'Symphony's' strength is in its voice
The fall season has been good for fans of Benjamin Britten's music. Last month, the San Francisco Opera presented a superb new production of the composer's opera, "Billy Budd"; this week at Davies Symphony Hall, the San Francisco Symphony offered its first performances of Britten's "Spring Symphony."
Written only a few years apart (the "Spring Symphony" in 1948 and 1949, "Billy Budd" in 1950-51), the works give the listener two very different glimpses into Britten's music, from the tragic injustice depicted in the opera to the joyous celebratory sound of the symphony. Yet both are shining examples of this composer's love for the human voice and flair for distinctive orchestrations.
The "Spring Symphony" is a massive work for orchestra, large choral forces and three vocal soloists, and Thursday afternoon at Davies Hall, it became the luminous centerpiece of a dynamic program led by guest conductor Robert Spano. Also on the program were Mozart's Piano Concerto No. 27 in B-flat major, with Emanuel Ax as soloist, and "Three Screaming Popes" by Mark-Anthony Turnage. The performance repeats 8 p.m. Saturday.
Composed on a commission from the Koussevitzky Foundation, the "Spring Symphony" is Britten's paean to regeneration and rebirth.
It is a symphony in name only; although it is divided into four parts, it is closer in structure to a song cycle than a traditional symphony. It is also quintessentially English; the composer originally considered using medieval Latin texts, but settled on English lyric verse poems, mostly from the 16th and 17th centuries (the notable 20th-century exception is W.H. Auden's "Out on the lawn I lie in bed" from "A Summer Night.")
Part I begins in deep winter with a solemn prayer; the orchestra alternates with unaccompanied chorus, but they come together in settings of texts by Edmund Spenser, George Peele, Thomas Nash and John Clare. The highlight of this part is "The Driving Boy," a lively song featuring boys' chorus and soprano singing over choral whistling. The movement concludes with a radiant setting of John Milton's "The Morning Star."
Part II is a slow movement featuring Auden's text sung by an alto soloist; Part III, a scherzo, incorporates texts by Peele and William Blake in a suite of dance songs.
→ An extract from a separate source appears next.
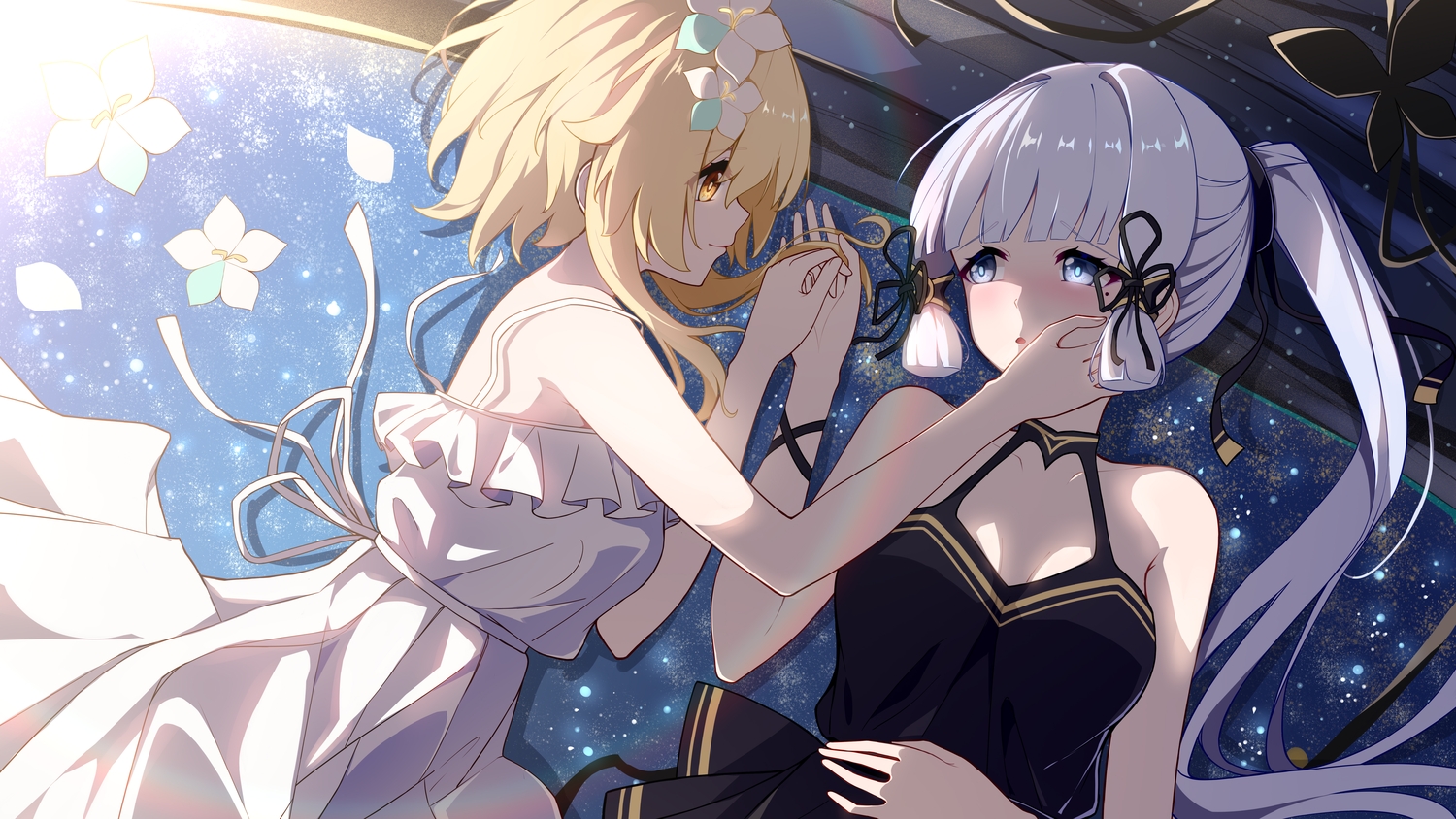 2girls, blonde_hair, dress, genshin_impact, gray_eyes, gray_hair, kamisato_ayaka, long_hair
Britten marshals all of his forces in Part IV, a blazing finale signaling the advent of spring.
Spano led an elegantly shaped, drivingly rhythmic performance. The excellent vocal soloists -- soprano Mary Dunleavy, mezzo-soprano Susanne Mentzer and tenor John Mark Ainsley -- made articulate contributions. But the massed voices of the combined chorus -- featuring Vance George's S.F. Symphony Chorus, the S.F. Girls Chorus, and the Pacific Boychoir -- were the stars of the show.
Under Spano's direction, the rest of the program was just as appealing. Ax is always an outstanding soloist, but he and Spano made an unbeatable team in the Mozart. The pianist approached the concerto, including Mozart's own cadenzas, with freshness and fluency, and the conductor elicited wonderfully buoyant playing from the orchestra.
Turnage's "Three Screaming Popes," which also received its first S.F. Symphony performances on this program, was a thrilling curtain-raiser. Like Britten, the English composer is best-known for his operas ("Greek," "The Silver Tassie"), but this single-movement work demonstrates his brilliance as a composer of orchestral music. "Popes" was inspired by a series of paintings by Francis Bacon, which was in turn based on Diego Velazquez's famous 1650 portrait, "Pope Innocent X," and it manages to sound both modern and medieval at various points in its 15-minute running time. It's a bright-toned, boldly percussive work of tremendous verve and intensity, and Spano led an edgy, well-defined reading.